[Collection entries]
════

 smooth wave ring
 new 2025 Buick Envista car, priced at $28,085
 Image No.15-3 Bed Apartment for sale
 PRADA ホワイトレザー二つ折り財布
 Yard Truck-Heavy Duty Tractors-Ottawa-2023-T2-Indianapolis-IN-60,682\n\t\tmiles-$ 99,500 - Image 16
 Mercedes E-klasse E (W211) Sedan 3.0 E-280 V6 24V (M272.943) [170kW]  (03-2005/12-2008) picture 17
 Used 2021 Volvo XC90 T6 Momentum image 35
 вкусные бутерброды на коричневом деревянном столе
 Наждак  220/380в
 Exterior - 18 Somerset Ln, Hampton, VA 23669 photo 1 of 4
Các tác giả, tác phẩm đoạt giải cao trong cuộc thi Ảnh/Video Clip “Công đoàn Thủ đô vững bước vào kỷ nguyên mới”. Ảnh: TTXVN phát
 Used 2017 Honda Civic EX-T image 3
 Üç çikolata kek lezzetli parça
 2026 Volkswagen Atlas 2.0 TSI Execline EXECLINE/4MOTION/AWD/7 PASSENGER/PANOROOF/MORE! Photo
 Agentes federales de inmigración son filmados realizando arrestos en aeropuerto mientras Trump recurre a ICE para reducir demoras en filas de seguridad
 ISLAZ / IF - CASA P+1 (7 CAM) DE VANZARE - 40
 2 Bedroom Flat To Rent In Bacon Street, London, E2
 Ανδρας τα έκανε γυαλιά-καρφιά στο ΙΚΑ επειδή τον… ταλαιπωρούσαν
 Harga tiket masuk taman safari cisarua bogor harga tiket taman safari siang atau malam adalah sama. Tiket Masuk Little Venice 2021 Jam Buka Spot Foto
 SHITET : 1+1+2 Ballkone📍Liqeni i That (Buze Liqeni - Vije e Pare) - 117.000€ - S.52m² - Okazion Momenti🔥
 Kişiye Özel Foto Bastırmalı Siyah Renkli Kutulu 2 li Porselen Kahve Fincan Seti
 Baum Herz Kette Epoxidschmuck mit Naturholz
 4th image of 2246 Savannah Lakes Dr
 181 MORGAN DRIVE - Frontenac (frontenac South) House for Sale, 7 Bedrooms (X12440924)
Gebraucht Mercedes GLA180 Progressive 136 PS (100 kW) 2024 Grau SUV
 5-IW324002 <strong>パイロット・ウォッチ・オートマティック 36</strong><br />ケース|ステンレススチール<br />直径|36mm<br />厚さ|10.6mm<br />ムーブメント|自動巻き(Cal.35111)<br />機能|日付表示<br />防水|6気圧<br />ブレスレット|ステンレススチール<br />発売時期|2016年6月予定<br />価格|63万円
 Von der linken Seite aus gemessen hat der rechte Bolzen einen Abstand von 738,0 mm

════

§ Exercise description: Repeat every record above exactly as it appears.

§ Exercise solution:
 smooth wave ring
 new 2025 Buick Envista car, priced at $28,085
 Image No.15-3 Bed Apartment for sale
 PRADA ホワイトレザー二つ折り財布
 Yard Truck-Heavy Duty Tractors-Ottawa-2023-T2-Indianapolis-IN-60,682\n\t\tmiles-$ 99,500 - Image 16
 Mercedes E-klasse E (W211) Sedan 3.0 E-280 V6 24V (M272.943) [170kW]  (03-2005/12-2008) picture 17
 Used 2021 Volvo XC90 T6 Momentum image 35
 вкусные бутерброды на коричневом деревянном столе
 Наждак  220/380в
 Exterior - 18 Somerset Ln, Hampton, VA 23669 photo 1 of 4
Các tác giả, tác phẩm đoạt giải cao trong cuộc thi Ảnh/Video Clip “Công đoàn Thủ đô vững bước vào kỷ nguyên mới”. Ảnh: TTXVN phát
 Used 2017 Honda Civic EX-T image 3
 Üç çikolata kek lezzetli parça
 2026 Volkswagen Atlas 2.0 TSI Execline EXECLINE/4MOTION/AWD/7 PASSENGER/PANOROOF/MORE! Photo
 Agentes federales de inmigración son filmados realizando arrestos en aeropuerto mientras Trump recurre a ICE para reducir demoras en filas de seguridad
 ISLAZ / IF - CASA P+1 (7 CAM) DE VANZARE - 40
 2 Bedroom Flat To Rent In Bacon Street, London, E2
 Ανδρας τα έκανε γυαλιά-καρφιά στο ΙΚΑ επειδή τον… ταλαιπωρούσαν
 Harga tiket masuk taman safari cisarua bogor harga tiket taman safari siang atau malam adalah sama. Tiket Masuk Little Venice 2021 Jam Buka Spot Foto
 SHITET : 1+1+2 Ballkone📍Liqeni i That (Buze Liqeni - Vije e Pare) - 117.000€ - S.52m² - Okazion Momenti🔥
 Kişiye Özel Foto Bastırmalı Siyah Renkli Kutulu 2 li Porselen Kahve Fincan Seti
 Baum Herz Kette Epoxidschmuck mit Naturholz
 4th image of 2246 Savannah Lakes Dr
 181 MORGAN DRIVE - Frontenac (frontenac South) House for Sale, 7 Bedrooms (X12440924)
Gebraucht Mercedes GLA180 Progressive 136 PS (100 kW) 2024 Grau SUV
 5-IW324002 <strong>パイロット・ウォッチ・オートマティック 36</strong><br />ケース|ステンレススチール<br />直径|36mm<br />厚さ|10.6mm<br />ムーブメント|自動巻き(Cal.35111)<br />機能|日付表示<br />防水|6気圧<br />ブレスレット|ステンレススチール<br />発売時期|2016年6月予定<br />価格|63万円
 Von der linken Seite aus gemessen hat der rechte Bolzen einen Abstand von 738,0 mm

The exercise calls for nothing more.